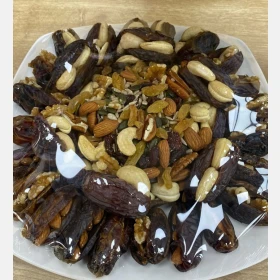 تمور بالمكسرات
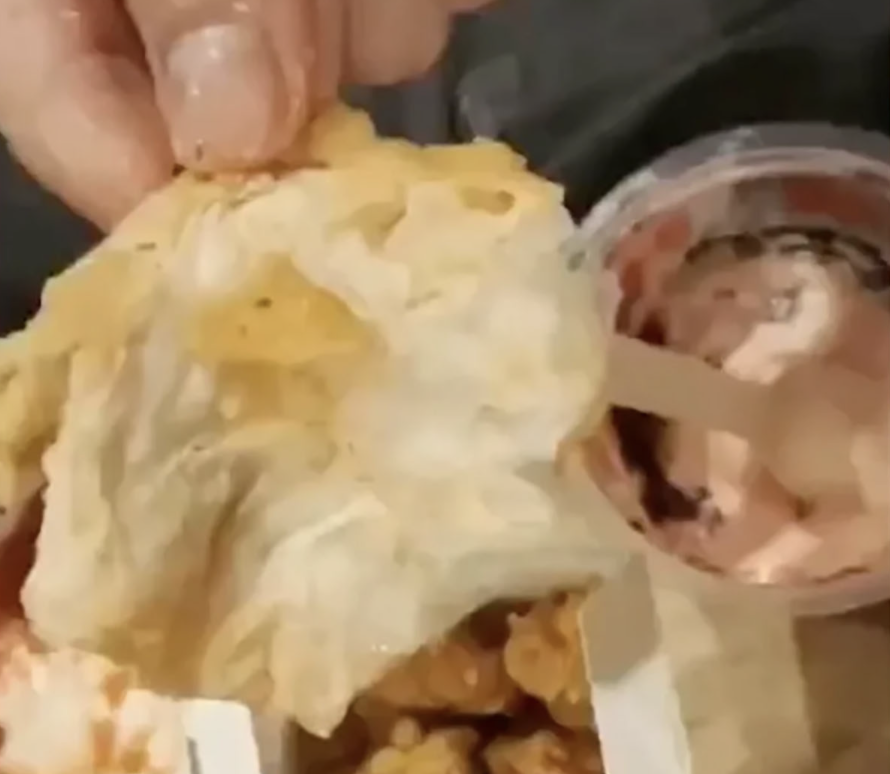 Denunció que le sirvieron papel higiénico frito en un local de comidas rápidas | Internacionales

--

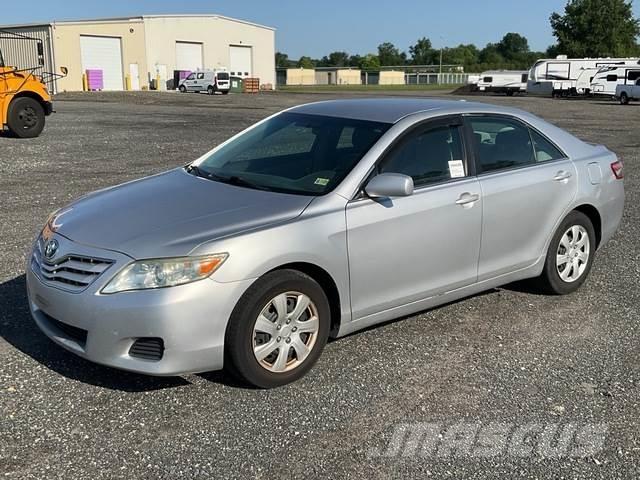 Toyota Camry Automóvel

**Work item**.
Start with the line with "تمور بالمكسرات" in the listing above and stop after the line with "Denunció que le". Write out exactly the lines in that stretch and no others, without pictures.

**Output**.
 تمور بالمكسرات
 Denunció que le sirvieron papel higiénico frito en un local de comidas rápidas | Internacionales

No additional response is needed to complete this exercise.